El problema no es que la gente busque orientaciones para vivir mejor —una necesidad legítima—, sino que muchas de estas fórmulas simplifican en exceso la complejidad humana, apelando más a la emoción instantánea que a la reflexión profunda. Y, en algunos casos, promueven visiones individualistas o incluso culpabilizadoras (“si no eres feliz, es porque no lo intentas lo suficiente”).

Filosofía y vida práctica: un divorcio innecesario
Especialistas consultados coinciden en que la filosofía tiene herramientas poderosas para abordar la cotidianeidad. La ética ayuda a tomar decisiones responsables; la lógica, a detectar falacias en discursos políticos o publicitarios; la filosofía política, a comprender estructuras de poder; y la estética, a cuestionar los criterios con los que valoramos lo bello.

Sin embargo, la ausencia de puentes entre la academia y el gran público perpetúa la idea de que la filosofía es abstracta, inútil o reservada para “intelectuales”. “La filosofía debería estar en la calle, no solo en los congresos”, afirma Mariana Corral, doctora en Filosofía y divulgadora. “Su función es ayudar a vivir mejor, no únicamente producir papers”.

¿Es posible una filosofía popular sin caer en la banalidad?
La respuesta, según varios filósofos y educadores, es sí. Ejemplos recientes lo confirman: proyectos de filosofía para niños que enseñan a argumentar y escuchar; programas de radio y pódcast que abordan temas cotidianos desde la perspectiva filosófica; y talleres comunitarios que combinan lectura de clásicos con debate sobre problemas actuales.

La clave, señalan, está en evitar el lenguaje hermético sin perder el rigor. El reto es enorme: simplificar no significa trivializar, y divulgar no es lo mismo que reducir a eslóganes.

El desafío pendiente
Mientras los gurús digitales acumulan millones de seguidores, la filosofía enfrenta la tarea de recuperar su espacio en la conversación diaria.
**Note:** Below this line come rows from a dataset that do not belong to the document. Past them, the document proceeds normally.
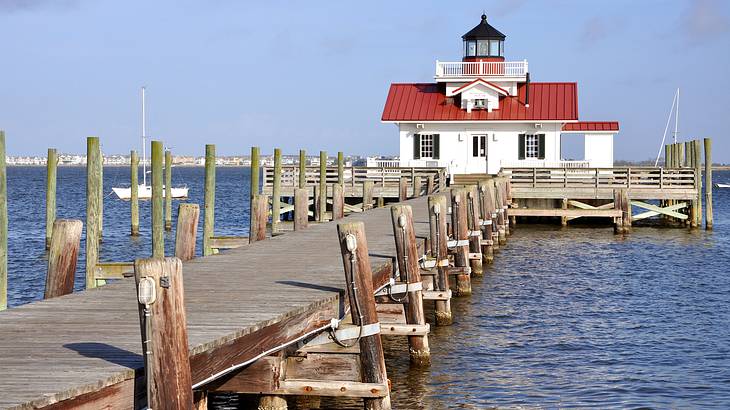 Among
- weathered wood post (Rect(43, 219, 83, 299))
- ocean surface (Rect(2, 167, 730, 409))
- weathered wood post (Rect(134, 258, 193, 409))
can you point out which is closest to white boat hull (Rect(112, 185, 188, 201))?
ocean surface (Rect(2, 167, 730, 409))

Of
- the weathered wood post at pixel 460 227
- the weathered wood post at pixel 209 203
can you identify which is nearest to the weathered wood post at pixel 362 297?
the weathered wood post at pixel 209 203

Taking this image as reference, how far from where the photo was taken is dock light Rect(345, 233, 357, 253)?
9.50 meters

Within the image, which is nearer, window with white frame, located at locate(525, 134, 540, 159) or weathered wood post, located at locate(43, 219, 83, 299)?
weathered wood post, located at locate(43, 219, 83, 299)

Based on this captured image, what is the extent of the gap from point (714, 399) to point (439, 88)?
3530 centimetres

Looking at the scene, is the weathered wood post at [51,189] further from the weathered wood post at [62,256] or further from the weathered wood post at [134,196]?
the weathered wood post at [62,256]

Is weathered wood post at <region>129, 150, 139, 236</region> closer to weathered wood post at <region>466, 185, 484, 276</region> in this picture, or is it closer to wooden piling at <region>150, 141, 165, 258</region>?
wooden piling at <region>150, 141, 165, 258</region>

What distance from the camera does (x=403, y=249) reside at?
484 inches

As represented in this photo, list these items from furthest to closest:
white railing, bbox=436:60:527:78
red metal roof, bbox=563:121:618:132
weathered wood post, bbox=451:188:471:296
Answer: white railing, bbox=436:60:527:78
red metal roof, bbox=563:121:618:132
weathered wood post, bbox=451:188:471:296

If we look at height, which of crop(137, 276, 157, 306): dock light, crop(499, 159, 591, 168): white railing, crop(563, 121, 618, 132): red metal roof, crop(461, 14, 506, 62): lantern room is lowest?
crop(137, 276, 157, 306): dock light

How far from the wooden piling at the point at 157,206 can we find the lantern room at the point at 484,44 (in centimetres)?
2815

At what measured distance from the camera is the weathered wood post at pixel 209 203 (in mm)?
16859

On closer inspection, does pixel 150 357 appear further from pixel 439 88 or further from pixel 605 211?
pixel 439 88

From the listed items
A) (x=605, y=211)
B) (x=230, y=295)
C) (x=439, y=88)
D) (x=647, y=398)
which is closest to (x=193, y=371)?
(x=230, y=295)

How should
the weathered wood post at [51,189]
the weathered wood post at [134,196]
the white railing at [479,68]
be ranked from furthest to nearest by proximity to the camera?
1. the white railing at [479,68]
2. the weathered wood post at [134,196]
3. the weathered wood post at [51,189] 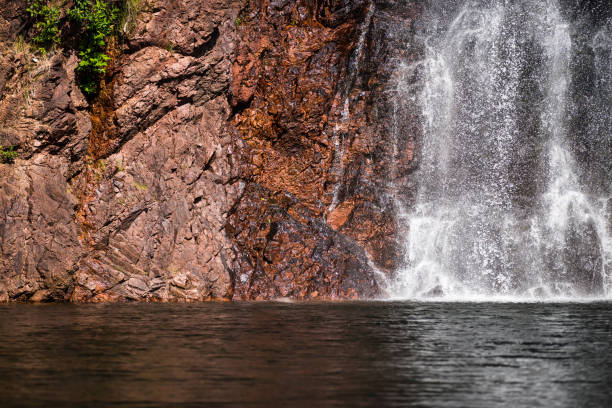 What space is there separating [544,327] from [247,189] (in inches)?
519

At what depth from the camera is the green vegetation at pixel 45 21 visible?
21094 mm

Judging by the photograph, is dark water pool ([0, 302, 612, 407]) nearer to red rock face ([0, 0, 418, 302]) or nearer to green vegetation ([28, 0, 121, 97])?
red rock face ([0, 0, 418, 302])

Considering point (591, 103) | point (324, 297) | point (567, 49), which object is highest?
point (567, 49)

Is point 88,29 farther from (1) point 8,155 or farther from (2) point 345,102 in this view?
(2) point 345,102

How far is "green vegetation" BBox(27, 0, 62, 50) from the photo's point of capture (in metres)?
21.1

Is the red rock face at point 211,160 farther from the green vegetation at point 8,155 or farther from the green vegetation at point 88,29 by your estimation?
the green vegetation at point 88,29

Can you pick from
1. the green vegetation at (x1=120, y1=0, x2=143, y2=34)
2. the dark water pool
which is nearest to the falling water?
the green vegetation at (x1=120, y1=0, x2=143, y2=34)

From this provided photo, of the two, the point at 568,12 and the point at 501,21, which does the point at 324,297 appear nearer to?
the point at 501,21

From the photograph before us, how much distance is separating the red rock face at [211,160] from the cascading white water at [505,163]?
4.33ft

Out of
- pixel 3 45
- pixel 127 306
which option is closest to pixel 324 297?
pixel 127 306

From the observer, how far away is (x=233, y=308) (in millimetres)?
17344

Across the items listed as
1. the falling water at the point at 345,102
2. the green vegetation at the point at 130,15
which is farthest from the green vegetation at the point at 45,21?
the falling water at the point at 345,102

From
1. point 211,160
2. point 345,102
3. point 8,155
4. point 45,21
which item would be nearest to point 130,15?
point 45,21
No como un recetario de máximas motivacionales, sino como una invitación a pensar críticamente, a poner en duda lo obvio, a reconocer la complejidad y a aceptar que no siempre hay respuestas rápidas.

En palabras de Albert Camus, “pensar es, ante todo, aprender a vivir”. Quizá el problema no sea que la filosofía esté encerrada en las academias, sino que el resto de la sociedad ha olvidado que es su derecho —y su responsabilidad— participar de ella.